Что гласит ньютоновский закон? Что все тела притягиваются одно к другому с силою, соотносительной квадратам их расстояний. Я умышленно дал, прежде всего, обиходную версию закона; и признаюсь, что в ней, как и в большинстве других обиходных версий великих истин, мы находим мало чего внушающего. Усвоим же теперь более философское словоупотребление: каждый атом каждого тела привлекает каждый другой атом как своего собственного, так и каждого другого тела с силою, которая меняется обратно квадратам расстояний между притягивающим и притягиваемым атомом. Тут, на самом деле, целый поток внушения взрывается в уме.
Но рассмотрим отчетливо то, что Ньютон доказал — согласно с грубо иррациональными определениями доказательства, предписанного метафизическими школами. Он был понужден удовольствоваться указанием, как сполна движения некоторой воображаемой Вселенной, состоящей из притягивающих и притягиваемых атомов, подчиненных закону, который он возвестил, совпадают с движениями действительно существующей Вселенной, поскольку она подлежит нашему наблюдению. Таков был итог его доказательства, то есть таков был его итог, согласно с условным лицемерием «философии». Успехи его нагромоздили довод на довод — такие доводы, какие допускаются здравым рассудком, но доказательство самого закона, — упорствуют метафизики, — не было усилено ни в какой степени. «Зрительное, физическое доказательство» притяжения здесь, на Земле, в согласовании с ньютоновской теорией, было, однако же, наконец доставлено к великому удовлетворению некоторых из этих умственных ползучек.

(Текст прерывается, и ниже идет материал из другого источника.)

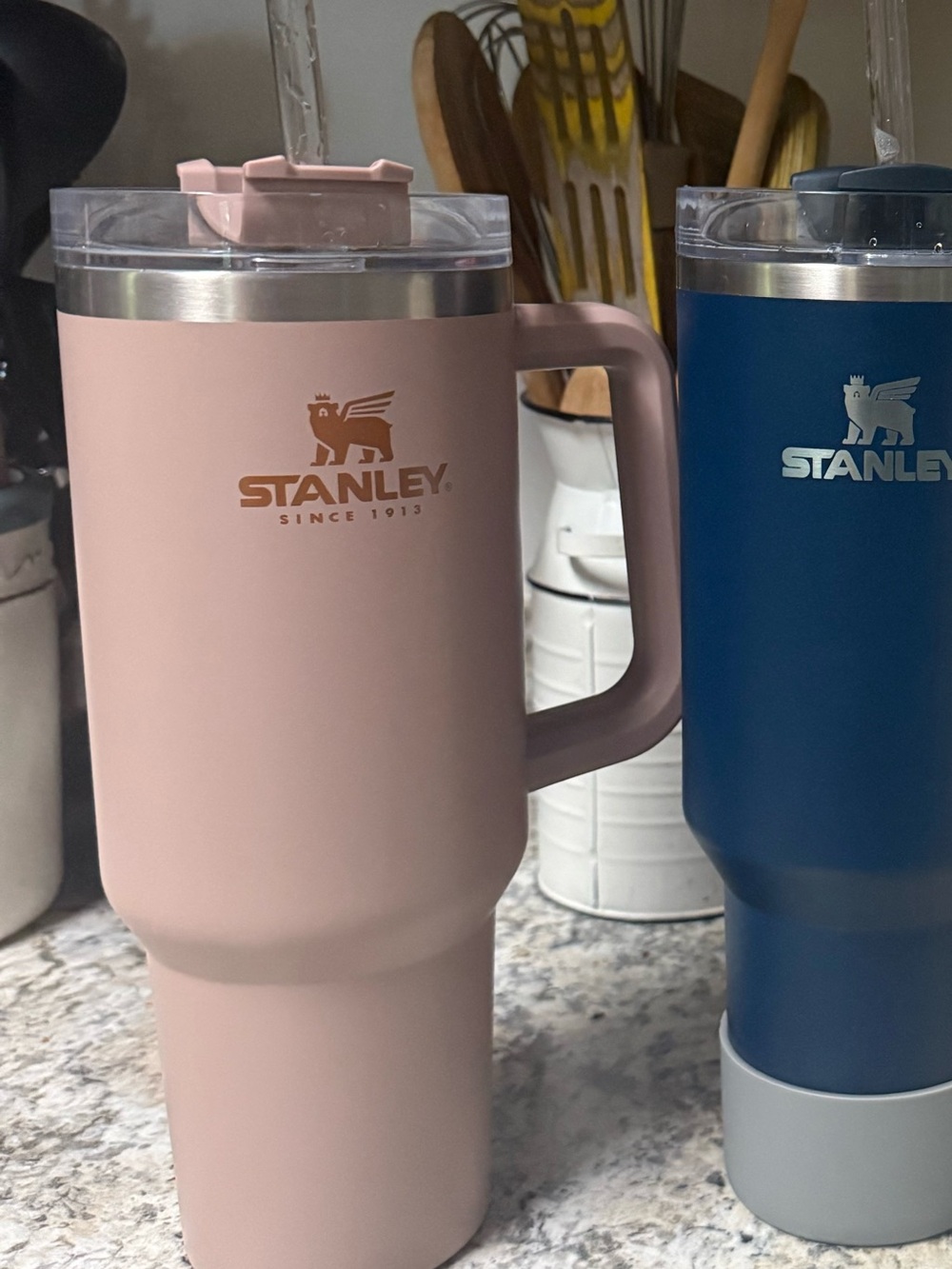 OG Stanley Adventure Quencher Travel Mug- Strawflower.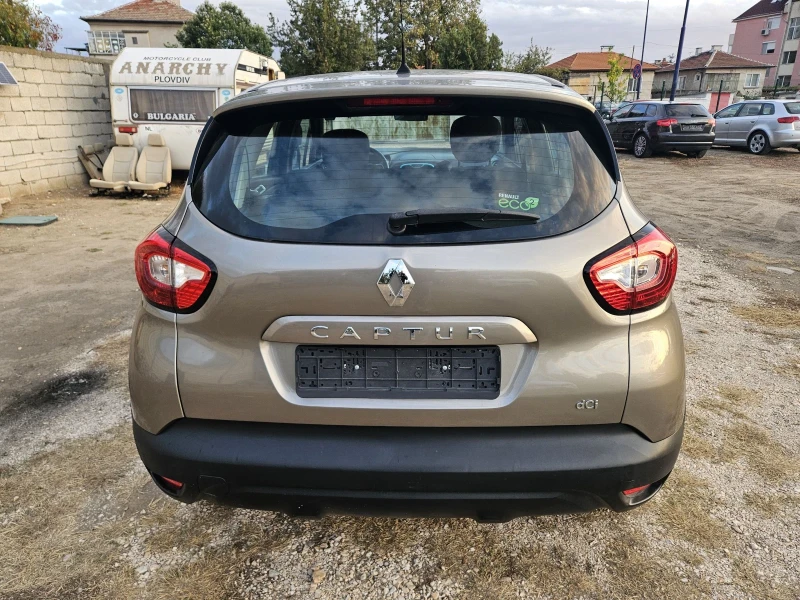 Renault Captur 1.5 DCI, снимка 6 - Автомобили и джипове - 47699146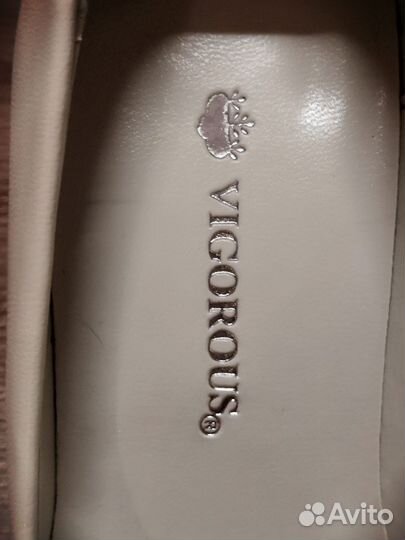 Туфли женские белые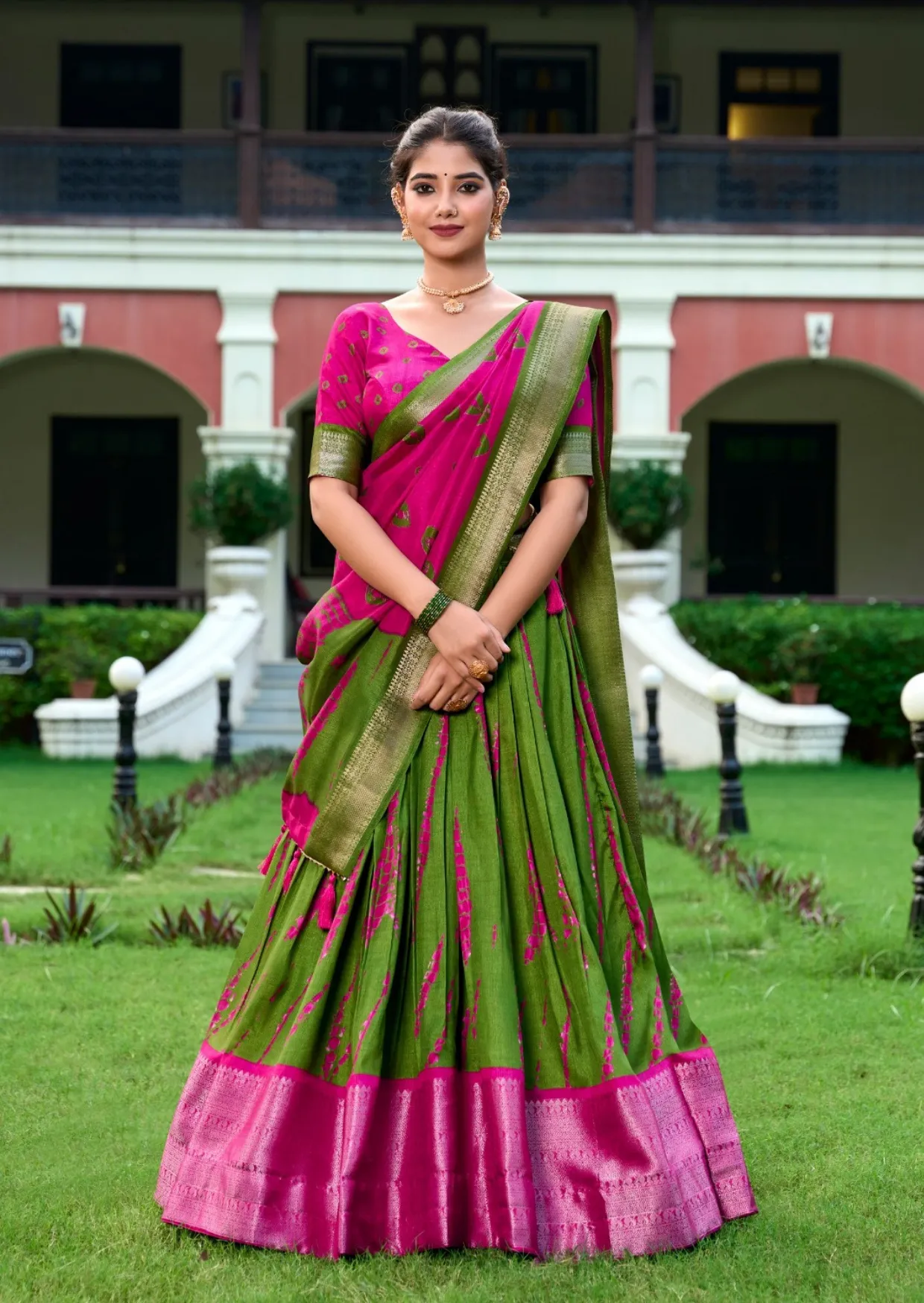 parijat hara gulabi shibori zari dola silk lehenga set - yooneck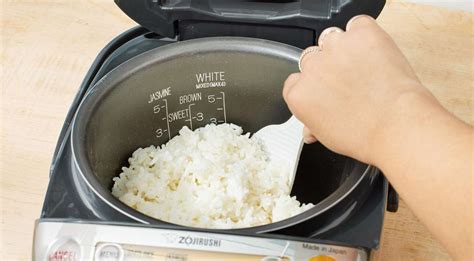 Bansos Rice Cooker Gratis Segera Cair Ribu Calon Penerima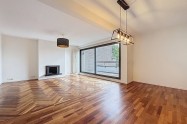 Gallery 01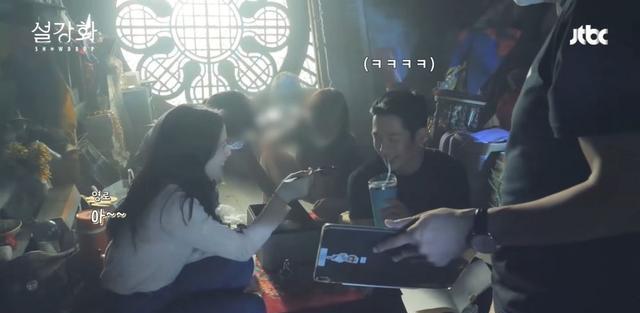 丁海寅|登上热搜!《雪降花》Jisoo、丁海寅浪漫顶楼咖啡吻,花絮大公开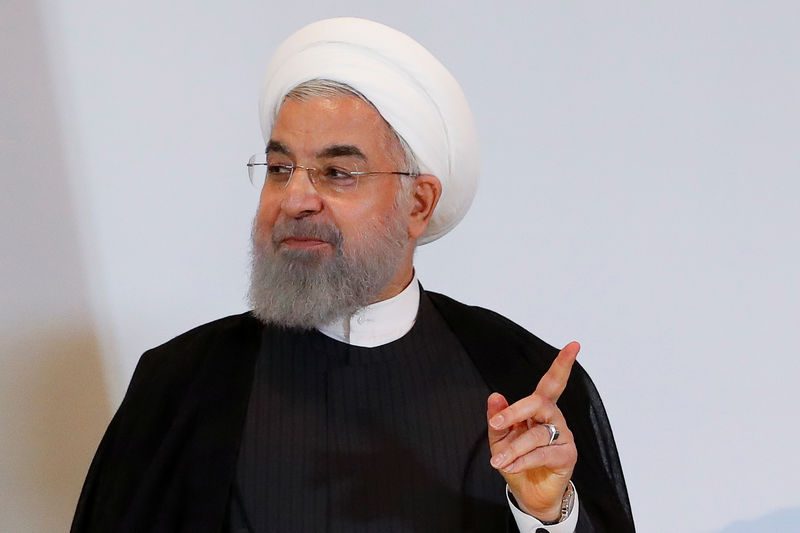 © Reuters. Президент Ирана Хасан Рухани в ходе выступления после двухдневного визита в Берн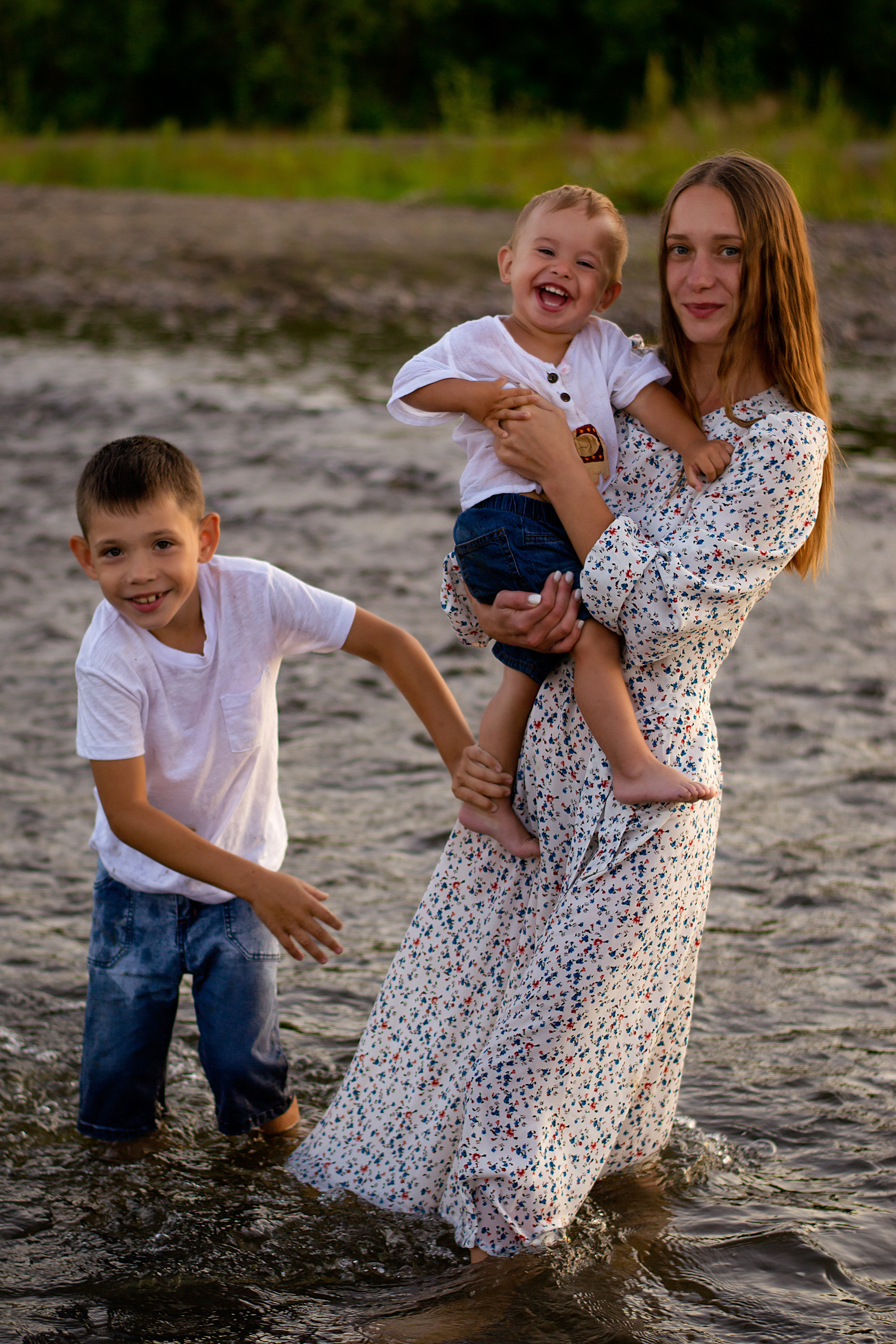 Семья- река счастья. Приподаева Алёна семейный и детский фотограф в Красноярске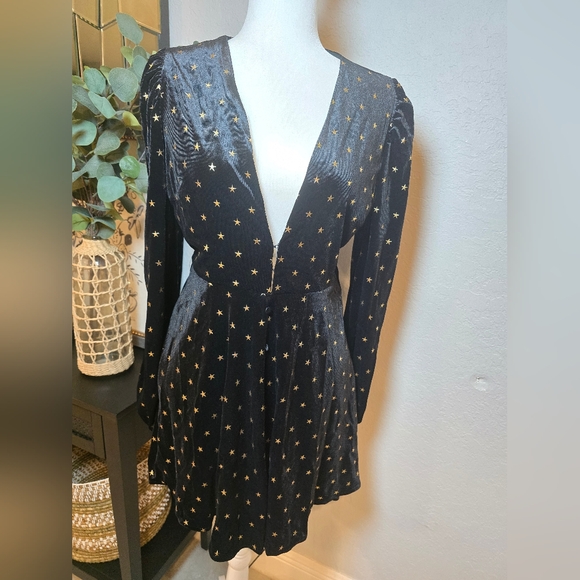 Buddy Love Black Dress with Gold Star Pattern - Picture 2 of 9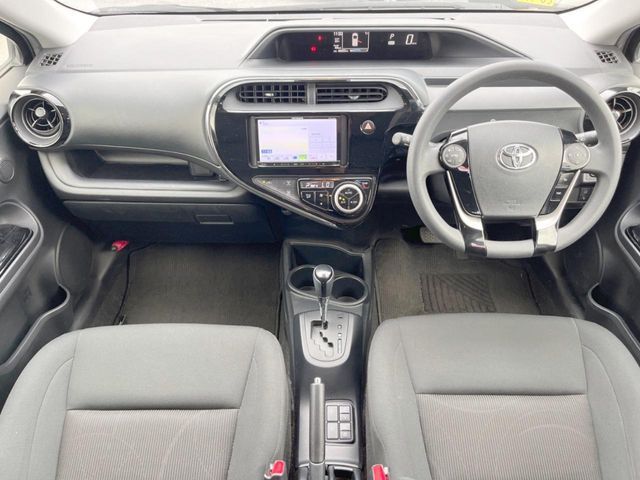 TOYOTA AQUA 2018 Image 31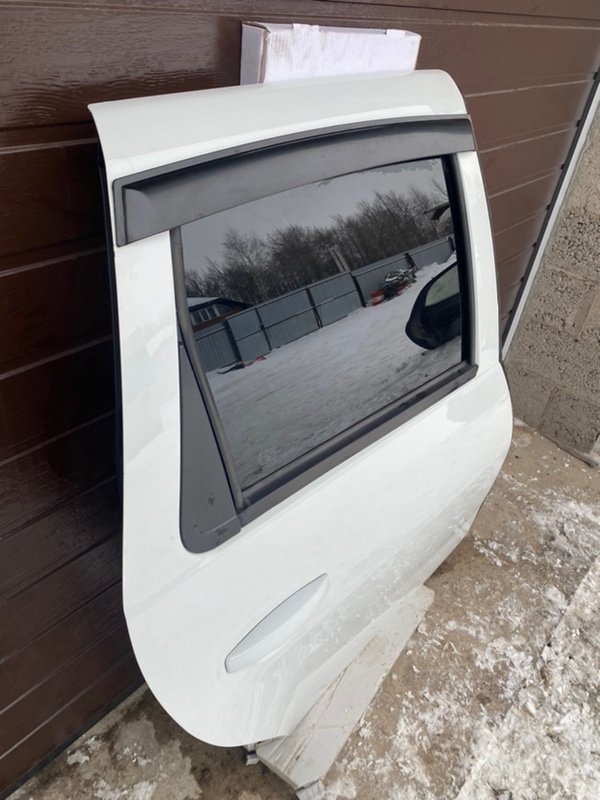 Дверь задняя правая Duster 2017 HSA K9K 858 1.5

Это доказательство возникло попутно и случайно (как возникли почти все важные истины) из попытки удостовериться в средней плотности Земли. В знаменитых опытах Маскелина, Кэвендиша и Байи, преследовавших данную Цель, притяжение громады горы было увидено, почувствовано, смерено и найдено математически согласующимся с бессмертной теорией британского астронома.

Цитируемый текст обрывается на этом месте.